→ Work required
Each entry must come back word for word; drop the images as you go.

═══ Extracted data ═══

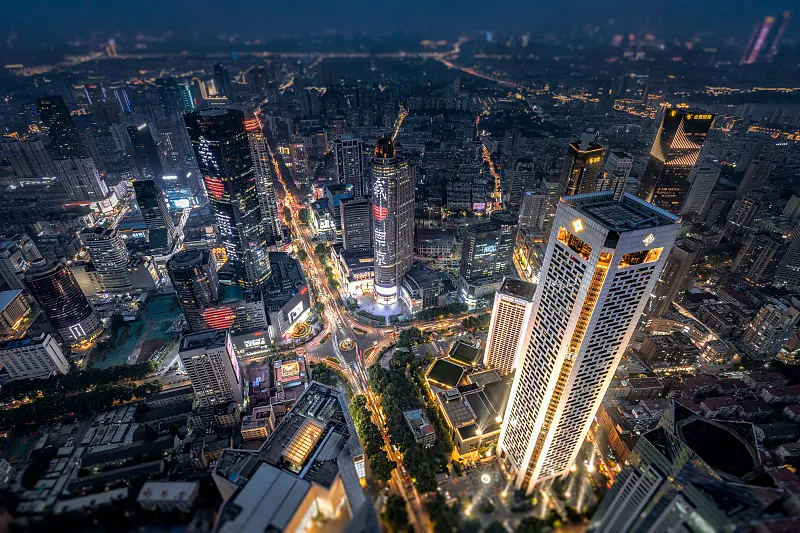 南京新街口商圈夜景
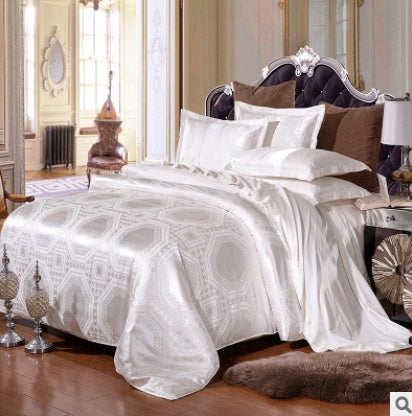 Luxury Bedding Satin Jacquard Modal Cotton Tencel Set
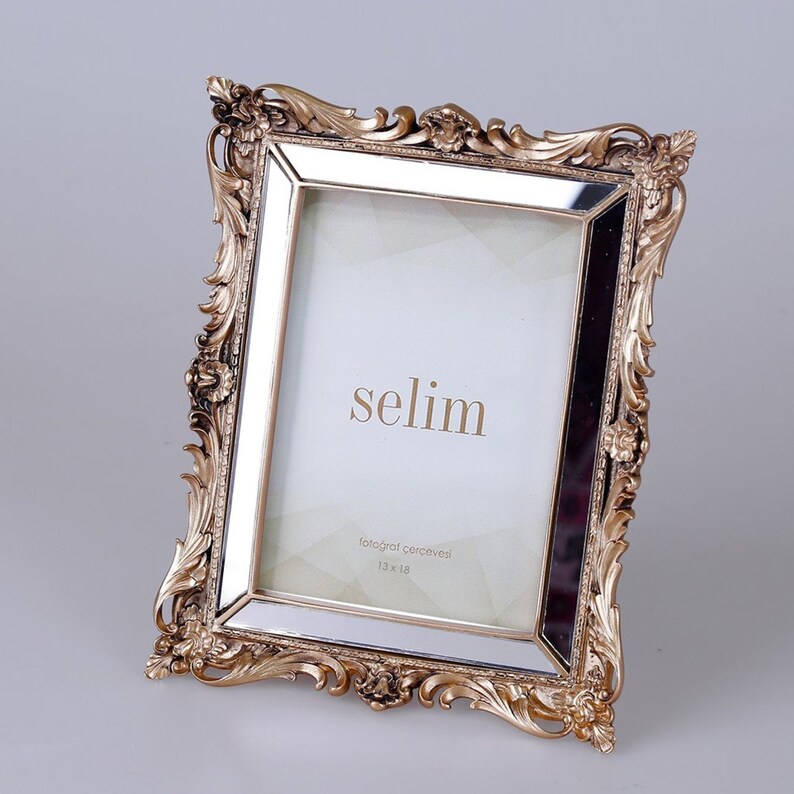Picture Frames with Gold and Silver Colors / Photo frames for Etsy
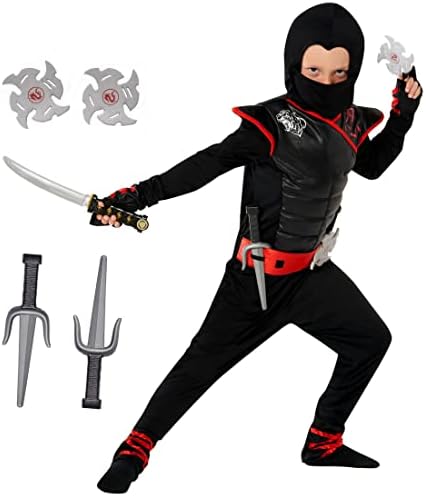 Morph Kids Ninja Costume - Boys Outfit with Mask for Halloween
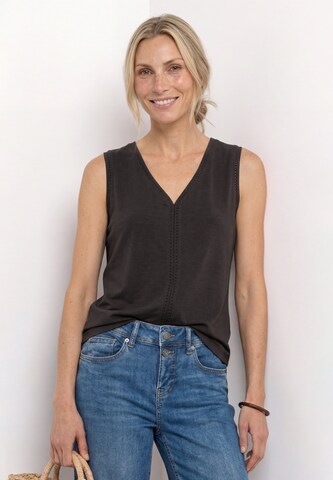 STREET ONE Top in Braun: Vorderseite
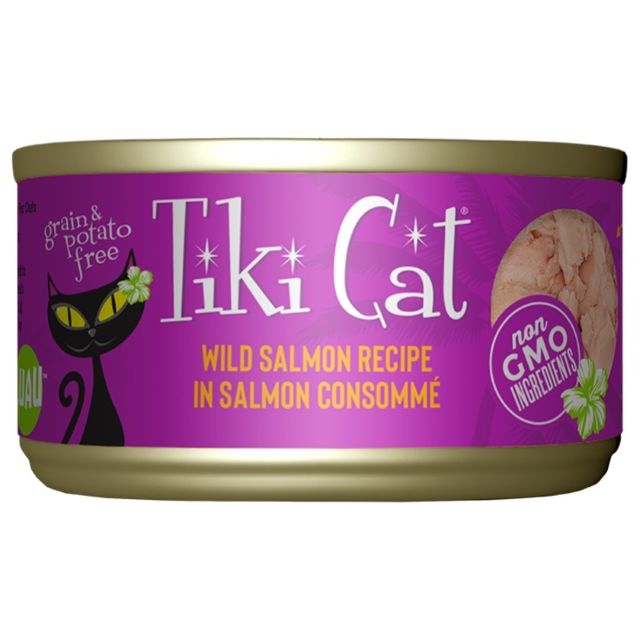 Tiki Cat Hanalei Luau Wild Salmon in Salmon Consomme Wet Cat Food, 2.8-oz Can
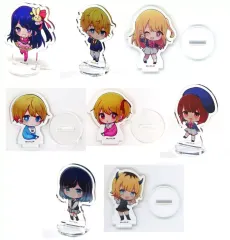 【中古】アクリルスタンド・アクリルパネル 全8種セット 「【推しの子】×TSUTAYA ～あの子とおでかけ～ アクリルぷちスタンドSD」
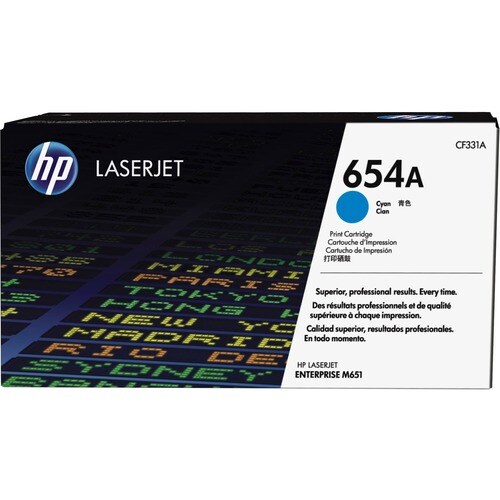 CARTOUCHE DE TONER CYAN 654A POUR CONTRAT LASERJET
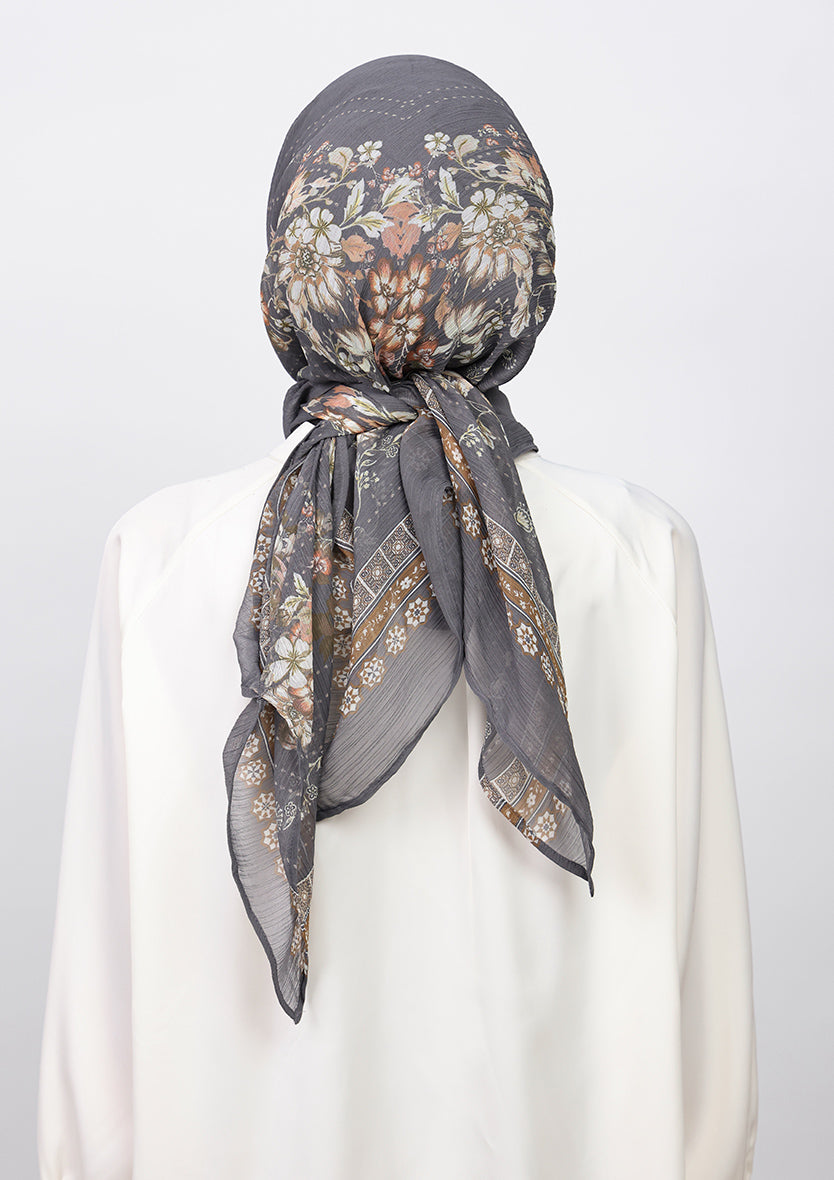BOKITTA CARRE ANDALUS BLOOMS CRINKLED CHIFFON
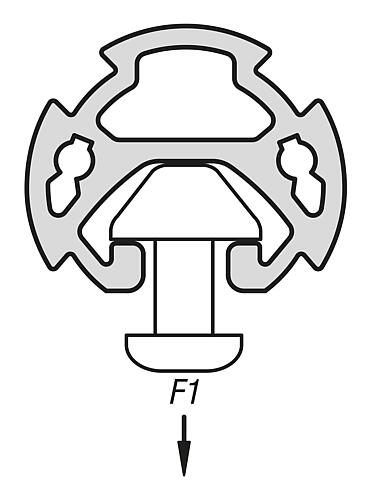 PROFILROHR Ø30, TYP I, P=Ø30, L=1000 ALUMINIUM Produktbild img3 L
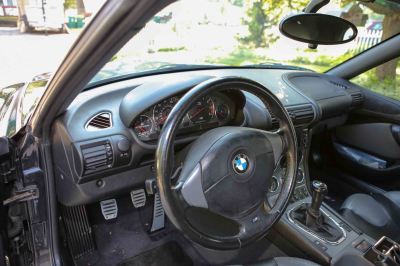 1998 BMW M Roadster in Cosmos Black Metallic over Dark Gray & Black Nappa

═══

→ Solution for this task
 南京新街口商圈夜景
 Luxury Bedding Satin Jacquard Modal Cotton Tencel Set
Picture Frames with Gold and Silver Colors / Photo frames for Etsy
 Morph Kids Ninja Costume - Boys Outfit with Mask for Halloween
 STREET ONE Top in Braun: Vorderseite
 Tiki Cat Hanalei Luau Wild Salmon in Salmon Consomme Wet Cat Food, 2.8-oz Can
 【中古】アクリルスタンド・アクリルパネル 全8種セット 「【推しの子】×TSUTAYA ～あの子とおでかけ～ アクリルぷちスタンドSD」
 CARTOUCHE DE TONER CYAN 654A POUR CONTRAT LASERJET
BOKITTA CARRE ANDALUS BLOOMS CRINKLED CHIFFON
 PROFILROHR Ø30, TYP I, P=Ø30, L=1000 ALUMINIUM Produktbild img3 L
 1998 BMW M Roadster in Cosmos Black Metallic over Dark Gray & Black Nappa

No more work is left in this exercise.